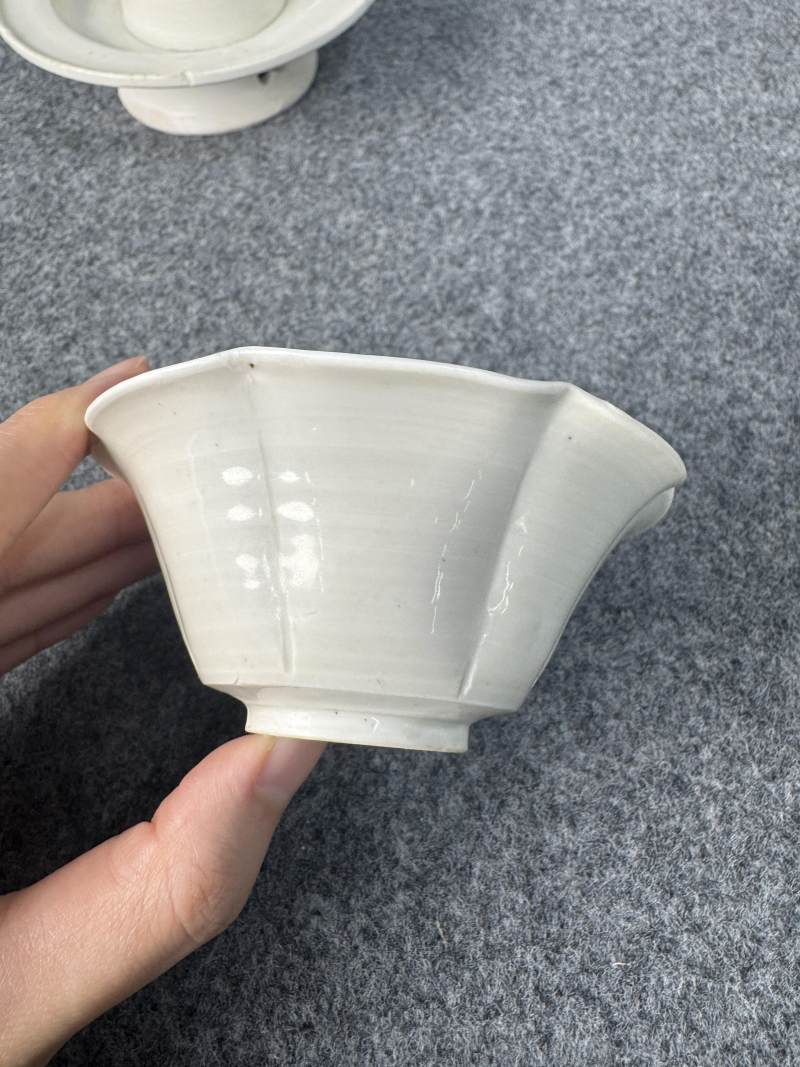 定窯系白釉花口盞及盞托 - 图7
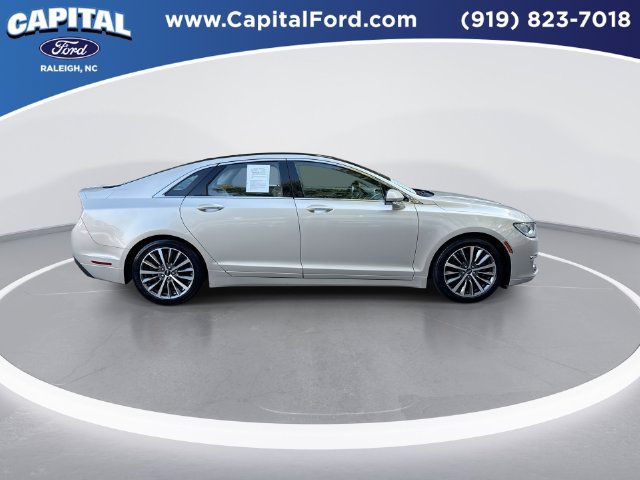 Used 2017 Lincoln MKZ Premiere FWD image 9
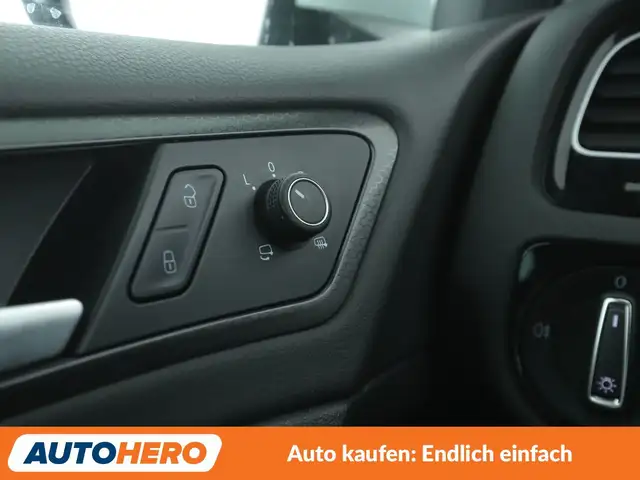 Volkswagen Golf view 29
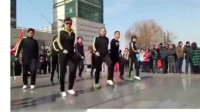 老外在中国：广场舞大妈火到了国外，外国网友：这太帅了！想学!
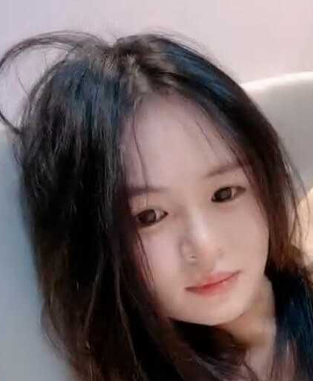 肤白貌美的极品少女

==

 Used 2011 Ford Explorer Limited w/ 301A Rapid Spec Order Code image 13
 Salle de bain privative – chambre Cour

• [Task directions]
The lines above starting at the one that contains "Used 2011 Ford" and ending at the one that contains "Salle de bain privative – chambre Cour" must be transcribed exactly, and no other lines may appear.

• [Exercise answer]
 Used 2011 Ford Explorer Limited w/ 301A Rapid Spec Order Code image 13
 Salle de bain privative – chambre Cour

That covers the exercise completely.